▶ **PROVIDED INFORMATION**
════
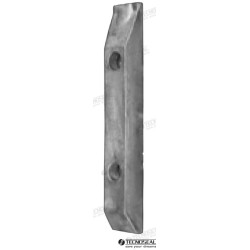 BIGLIANI MAGNESIUMANODE 500MM.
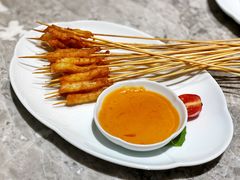 -四道菜·福建菜馆(新街口金鹰店)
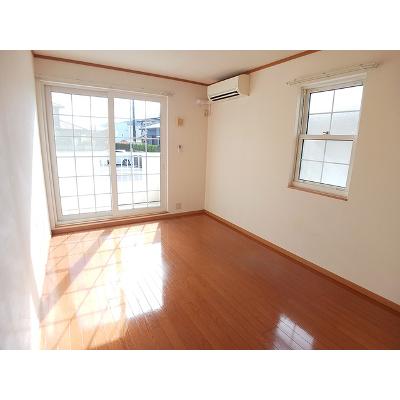 ガーデンヒルズＡ 104【管理NO：1-012171101-01040】 ★家具家電は申し込み後に搬入します★の物件写真2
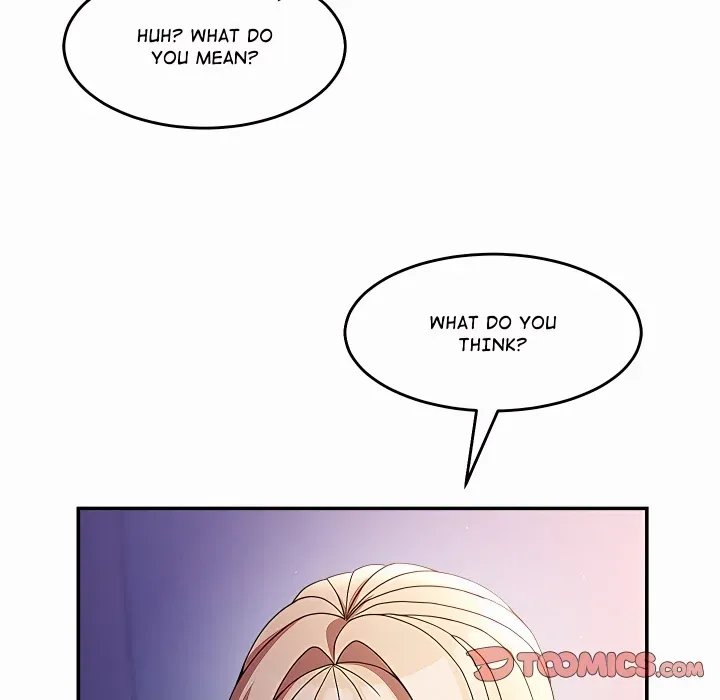 No Men Allowed - Chapter 70 Page 70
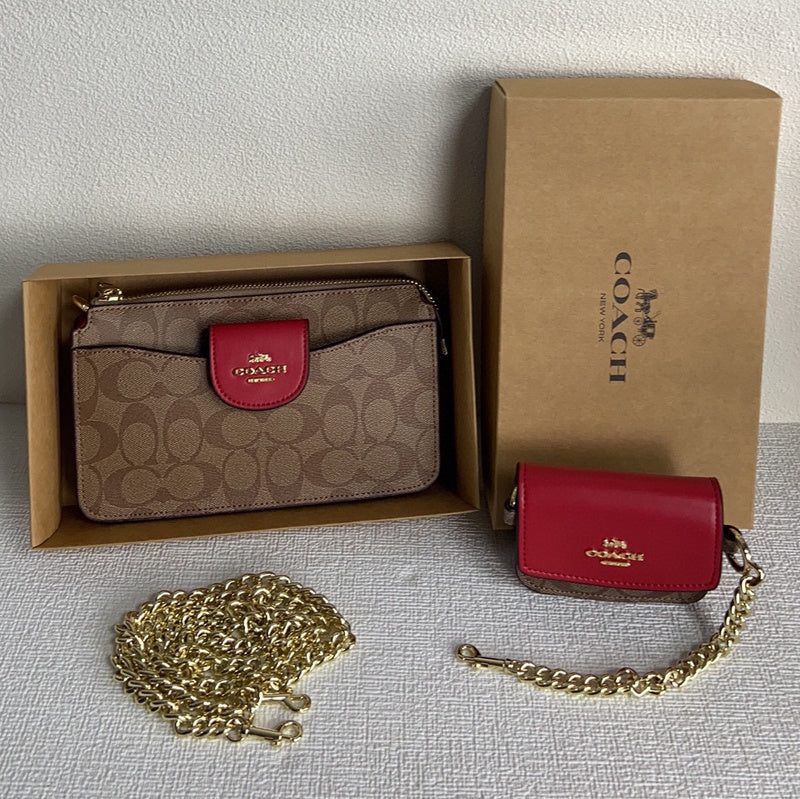 COZY BAGS - CAH Bags - 032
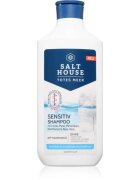 Salt House Dead Sea Therapy Sensitiv Shampoo šampon za občutljivo lasišče in suhe lase 250 ml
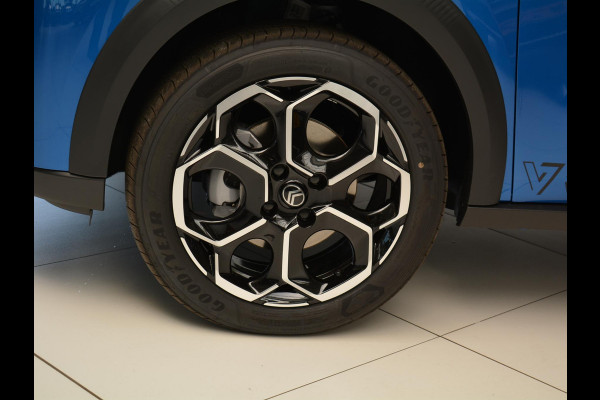 Citroën C3 1.2 Hybrid 110pk Max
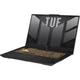 Ноутбук ASUS TUF Gaming F17 FX707VJB-HX094 (90NR0MY5-M003J0) - изображение 4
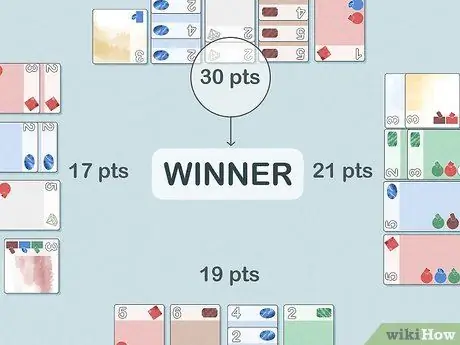 Играть в Splendor Step 17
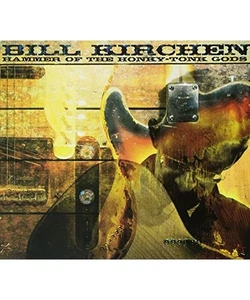 Hammer Of The Honky-Tonk Gods - Bild 1 von 1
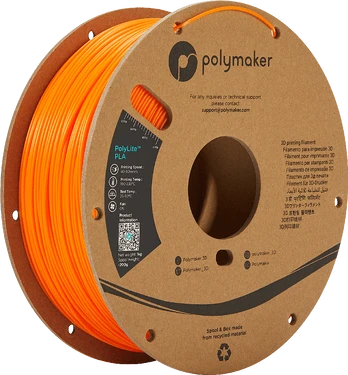Polymaker Polimakeris PolyLite PLA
════
▶ **WHAT IS REQUIRED**
The expected output is each entry given again word for word, with pictures dropped.

▶ **RESULT**
 BIGLIANI MAGNESIUMANODE 500MM.
 -四道菜·福建菜馆(新街口金鹰店)
 ガーデンヒルズＡ 104【管理NO：1-012171101-01040】 ★家具家電は申し込み後に搬入します★の物件写真2
 No Men Allowed - Chapter 70 Page 70
 COZY BAGS - CAH Bags - 032
 Salt House Dead Sea Therapy Sensitiv Shampoo šampon za občutljivo lasišče in suhe lase 250 ml
 Citroën C3 1.2 Hybrid 110pk Max
 Ноутбук ASUS TUF Gaming F17 FX707VJB-HX094 (90NR0MY5-M003J0) - изображение 4
 Играть в Splendor Step 17
 Hammer Of The Honky-Tonk Gods - Bild 1 von 1
Polymaker Polimakeris PolyLite PLA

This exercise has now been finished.